According to court documents, the defendants were also aware that they were making false or fraudulent yen LIBOR submissions. For example, on May 10, 2006, Robson admitted in an e-mail to Yagami that “it must be pretty embarrasing to set such a low libor. I was very embarrased to set my 6 mth—but wanted to help thomo [Thompson]. Tomorrow it will be more like 33 from me.” At times, Robson referred to the submissions that he submitted on behalf of his co-defendants as “ridiculously high” and “obscenely high” and acknowledged that his submissions would be so out of line with the other yen LIBOR panel banks that he might receive a phone call about them from the BBA or Thomson Reuters.
The charges in the indictment are merely accusations, and the defendants are presumed innocent unless and until proven guilty.
The investigation is being conducted by special agents, forensic accountants, and intelligence analysts in the FBI’s Washington Field Office.
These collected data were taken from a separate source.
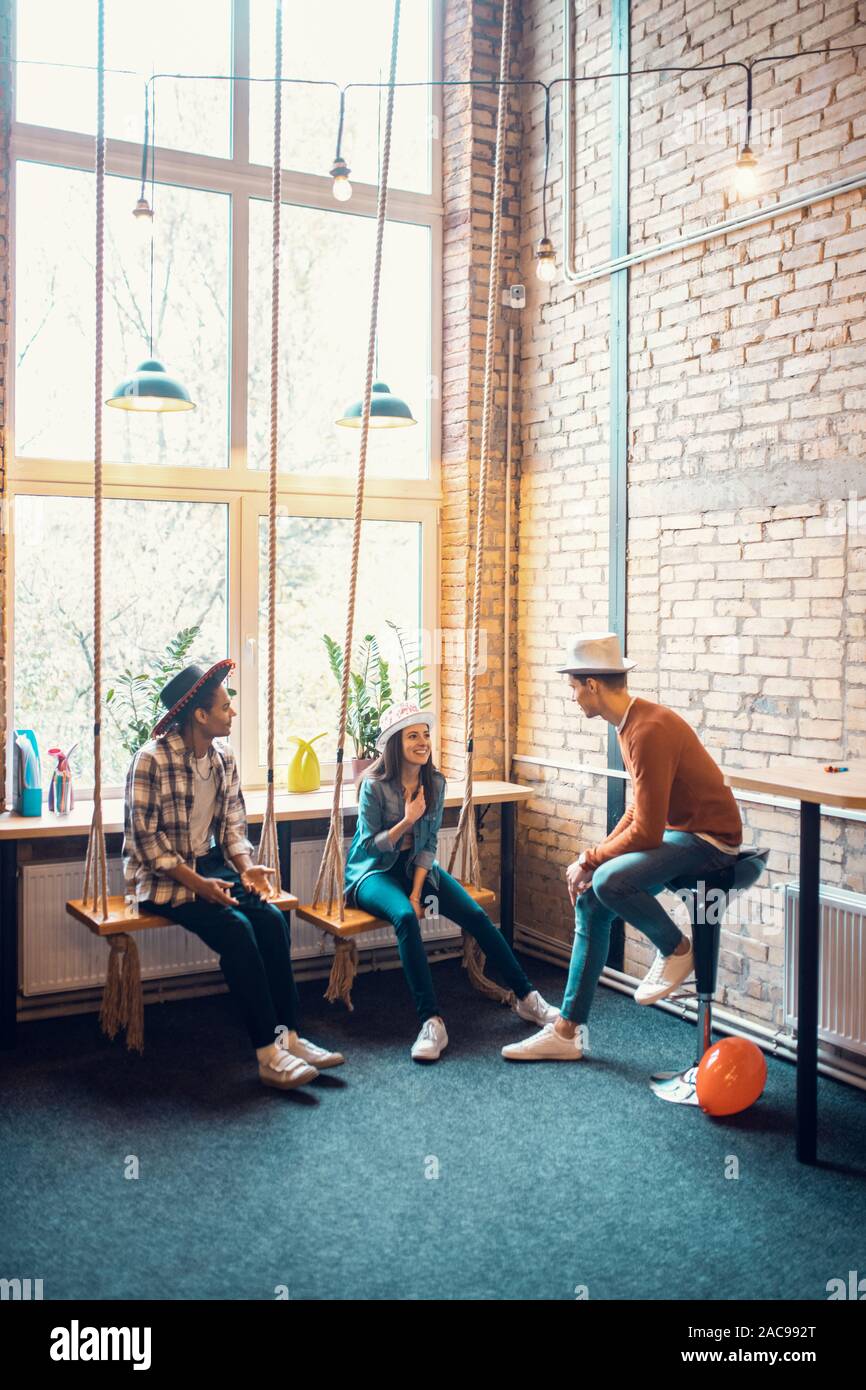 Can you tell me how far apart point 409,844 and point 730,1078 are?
164 cm

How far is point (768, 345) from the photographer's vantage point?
4.68 metres

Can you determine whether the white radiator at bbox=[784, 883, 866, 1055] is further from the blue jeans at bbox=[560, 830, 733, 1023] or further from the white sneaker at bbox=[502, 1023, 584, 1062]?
the white sneaker at bbox=[502, 1023, 584, 1062]

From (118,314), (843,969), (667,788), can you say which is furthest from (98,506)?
(843,969)

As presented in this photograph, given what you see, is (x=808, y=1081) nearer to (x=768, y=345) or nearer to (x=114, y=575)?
(x=768, y=345)

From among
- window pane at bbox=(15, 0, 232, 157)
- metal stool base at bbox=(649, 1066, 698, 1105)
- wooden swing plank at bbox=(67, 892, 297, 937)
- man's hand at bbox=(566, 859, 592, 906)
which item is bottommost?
metal stool base at bbox=(649, 1066, 698, 1105)

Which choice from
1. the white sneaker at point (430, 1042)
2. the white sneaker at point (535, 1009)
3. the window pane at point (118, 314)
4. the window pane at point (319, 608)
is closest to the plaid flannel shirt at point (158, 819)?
the white sneaker at point (430, 1042)

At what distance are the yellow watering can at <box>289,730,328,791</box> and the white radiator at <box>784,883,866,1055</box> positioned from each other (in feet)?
8.02

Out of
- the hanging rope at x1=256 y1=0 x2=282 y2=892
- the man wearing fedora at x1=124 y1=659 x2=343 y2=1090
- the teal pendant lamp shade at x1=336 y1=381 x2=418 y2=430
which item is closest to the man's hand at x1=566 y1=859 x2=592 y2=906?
the man wearing fedora at x1=124 y1=659 x2=343 y2=1090

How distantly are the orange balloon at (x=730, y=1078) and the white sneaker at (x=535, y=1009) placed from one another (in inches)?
35.9

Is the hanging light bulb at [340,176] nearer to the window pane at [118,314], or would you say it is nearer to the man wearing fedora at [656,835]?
the window pane at [118,314]

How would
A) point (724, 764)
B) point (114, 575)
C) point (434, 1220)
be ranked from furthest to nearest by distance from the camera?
point (114, 575) → point (724, 764) → point (434, 1220)

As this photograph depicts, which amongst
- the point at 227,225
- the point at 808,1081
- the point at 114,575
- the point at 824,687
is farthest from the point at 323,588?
the point at 808,1081

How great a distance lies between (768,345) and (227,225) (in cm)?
263

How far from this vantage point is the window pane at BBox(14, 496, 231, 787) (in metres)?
5.27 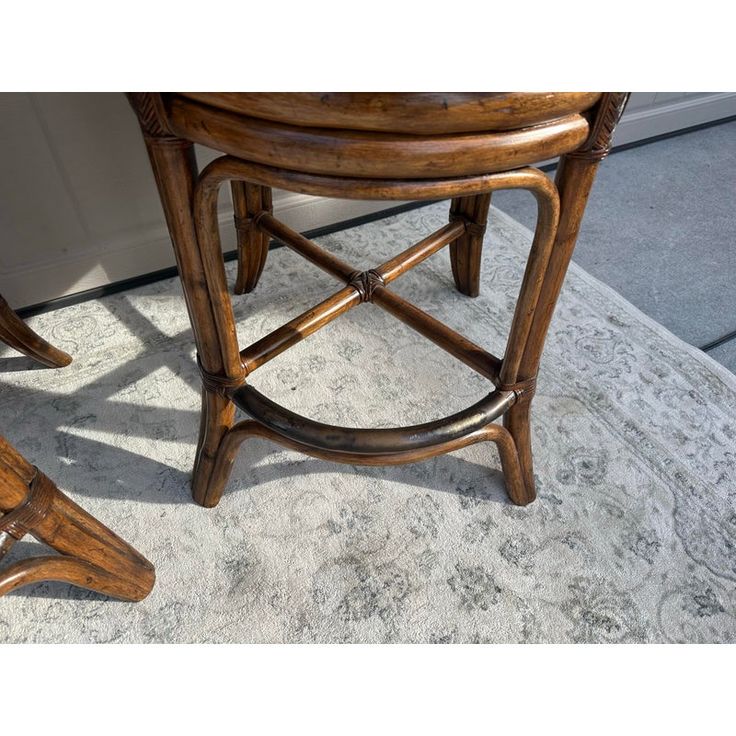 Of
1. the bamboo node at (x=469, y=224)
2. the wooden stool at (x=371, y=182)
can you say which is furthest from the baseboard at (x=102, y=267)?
the wooden stool at (x=371, y=182)

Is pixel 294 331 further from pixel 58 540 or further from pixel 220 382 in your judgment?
pixel 58 540

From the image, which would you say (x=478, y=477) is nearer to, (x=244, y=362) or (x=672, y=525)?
(x=672, y=525)

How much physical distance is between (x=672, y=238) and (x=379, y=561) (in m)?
1.07

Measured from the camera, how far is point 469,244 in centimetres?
108

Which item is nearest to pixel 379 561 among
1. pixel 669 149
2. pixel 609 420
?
pixel 609 420

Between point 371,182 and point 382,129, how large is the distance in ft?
0.14

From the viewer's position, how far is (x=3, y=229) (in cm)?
102

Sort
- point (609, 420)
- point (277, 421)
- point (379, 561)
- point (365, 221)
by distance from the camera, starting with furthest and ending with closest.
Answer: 1. point (365, 221)
2. point (609, 420)
3. point (379, 561)
4. point (277, 421)

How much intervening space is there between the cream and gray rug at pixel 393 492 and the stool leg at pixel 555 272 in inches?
4.6

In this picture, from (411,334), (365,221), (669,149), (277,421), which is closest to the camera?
(277,421)

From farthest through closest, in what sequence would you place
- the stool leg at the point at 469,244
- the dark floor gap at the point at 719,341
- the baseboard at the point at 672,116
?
the baseboard at the point at 672,116 < the dark floor gap at the point at 719,341 < the stool leg at the point at 469,244

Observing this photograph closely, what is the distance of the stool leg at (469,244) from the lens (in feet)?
3.28

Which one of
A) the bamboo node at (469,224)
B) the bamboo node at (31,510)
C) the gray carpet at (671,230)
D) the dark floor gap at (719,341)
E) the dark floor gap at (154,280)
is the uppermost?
the bamboo node at (31,510)

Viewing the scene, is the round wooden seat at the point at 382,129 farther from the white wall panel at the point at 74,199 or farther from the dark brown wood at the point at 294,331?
the white wall panel at the point at 74,199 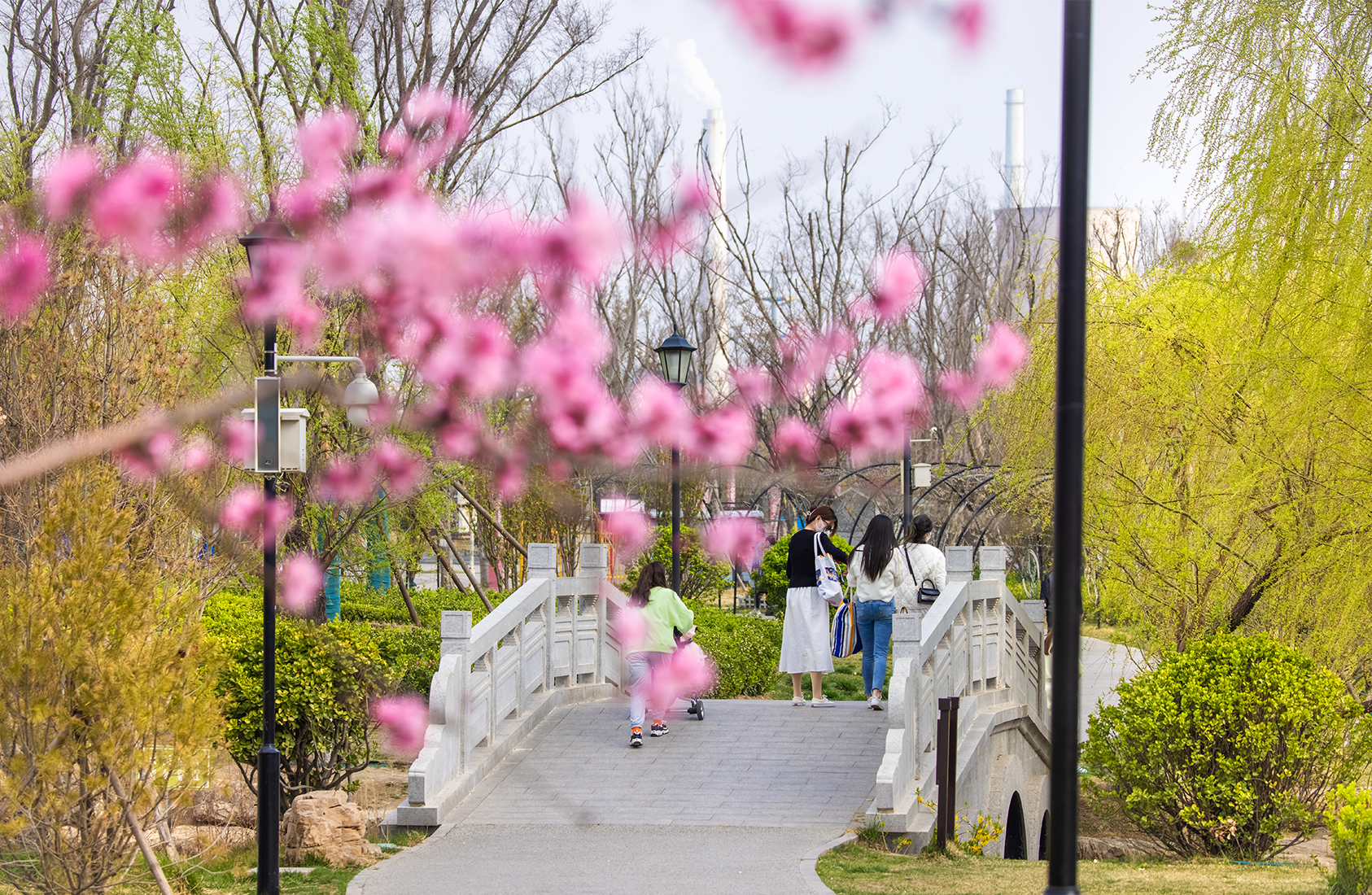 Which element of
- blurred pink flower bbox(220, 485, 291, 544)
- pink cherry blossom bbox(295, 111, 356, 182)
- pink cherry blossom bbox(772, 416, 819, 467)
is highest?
pink cherry blossom bbox(295, 111, 356, 182)

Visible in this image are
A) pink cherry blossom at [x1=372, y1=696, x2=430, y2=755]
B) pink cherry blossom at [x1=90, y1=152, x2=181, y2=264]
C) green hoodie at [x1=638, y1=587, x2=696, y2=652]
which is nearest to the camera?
pink cherry blossom at [x1=90, y1=152, x2=181, y2=264]

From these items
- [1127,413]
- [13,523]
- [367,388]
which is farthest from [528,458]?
[1127,413]

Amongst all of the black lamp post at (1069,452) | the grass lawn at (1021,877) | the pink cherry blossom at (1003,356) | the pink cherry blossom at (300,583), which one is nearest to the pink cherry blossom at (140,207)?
the pink cherry blossom at (300,583)

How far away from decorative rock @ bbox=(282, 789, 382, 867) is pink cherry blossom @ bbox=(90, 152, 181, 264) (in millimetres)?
3897

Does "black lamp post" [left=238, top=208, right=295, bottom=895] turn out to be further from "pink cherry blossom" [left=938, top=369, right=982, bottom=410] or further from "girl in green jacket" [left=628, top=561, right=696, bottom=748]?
"pink cherry blossom" [left=938, top=369, right=982, bottom=410]

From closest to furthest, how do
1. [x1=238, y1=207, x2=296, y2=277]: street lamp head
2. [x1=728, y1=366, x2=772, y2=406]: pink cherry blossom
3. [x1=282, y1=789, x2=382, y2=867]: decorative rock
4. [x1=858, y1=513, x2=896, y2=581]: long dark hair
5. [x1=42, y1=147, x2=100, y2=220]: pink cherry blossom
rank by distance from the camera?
1. [x1=238, y1=207, x2=296, y2=277]: street lamp head
2. [x1=282, y1=789, x2=382, y2=867]: decorative rock
3. [x1=42, y1=147, x2=100, y2=220]: pink cherry blossom
4. [x1=858, y1=513, x2=896, y2=581]: long dark hair
5. [x1=728, y1=366, x2=772, y2=406]: pink cherry blossom

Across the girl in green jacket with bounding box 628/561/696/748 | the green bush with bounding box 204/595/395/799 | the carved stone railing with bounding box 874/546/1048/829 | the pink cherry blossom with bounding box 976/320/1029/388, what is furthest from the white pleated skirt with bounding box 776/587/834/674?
the pink cherry blossom with bounding box 976/320/1029/388

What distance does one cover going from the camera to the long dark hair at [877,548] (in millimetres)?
10750

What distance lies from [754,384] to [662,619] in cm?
1103

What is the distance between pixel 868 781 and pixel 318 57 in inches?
410

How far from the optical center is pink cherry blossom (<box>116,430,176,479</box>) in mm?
9617

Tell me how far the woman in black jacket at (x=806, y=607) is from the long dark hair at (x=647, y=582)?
121 centimetres

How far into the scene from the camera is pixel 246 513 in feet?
39.4

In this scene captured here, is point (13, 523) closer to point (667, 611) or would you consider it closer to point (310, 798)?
point (310, 798) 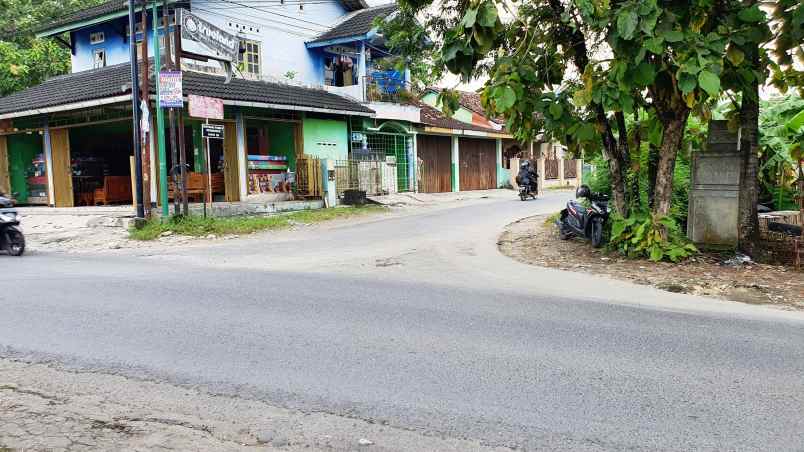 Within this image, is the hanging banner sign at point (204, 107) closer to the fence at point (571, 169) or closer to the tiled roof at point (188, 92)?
the tiled roof at point (188, 92)

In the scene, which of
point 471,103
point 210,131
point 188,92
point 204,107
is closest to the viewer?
point 210,131

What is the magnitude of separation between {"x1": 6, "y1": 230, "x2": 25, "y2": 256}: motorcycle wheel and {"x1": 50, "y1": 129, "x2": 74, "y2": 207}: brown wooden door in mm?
8133

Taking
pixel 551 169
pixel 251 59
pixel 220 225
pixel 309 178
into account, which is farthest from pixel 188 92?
pixel 551 169

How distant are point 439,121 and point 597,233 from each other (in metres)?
18.2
The prosecution is being handled by Senior Litigation Counsel Carol L. Sipperly and Trial Attorney Brian R. Young of the Criminal Division’s Fraud Section, and Trial Attorney Michael T. Koenig of the Antitrust Division. The Criminal Division’s Office of International Affairs has provided assistance in this matter.
The Justice Department expresses its appreciation for the assistance provided by various enforcement agencies in the United States and abroad. The Commodity Futures Trading Commission’s Division of Enforcement referred this matter to the department and, along with the U.K. Financial Conduct Authority, has played a major role in the LIBOR investigation. The Securities and Exchange Commission also has played a significant role in the LIBOR series of investigations, and the department expresses its appreciation to the United Kingdom’s Serious Fraud Office for its assistance and ongoing cooperation. The department has worked closely with the Dutch Public Prosecution Service and the Dutch Central Bank in the investigation of Rabobank. Various agencies and enforcement authorities from other nations are also participating in different aspects of the broader investigation relating to LIBOR and other benchmark rates, and the department is grateful for their cooperation and assistance.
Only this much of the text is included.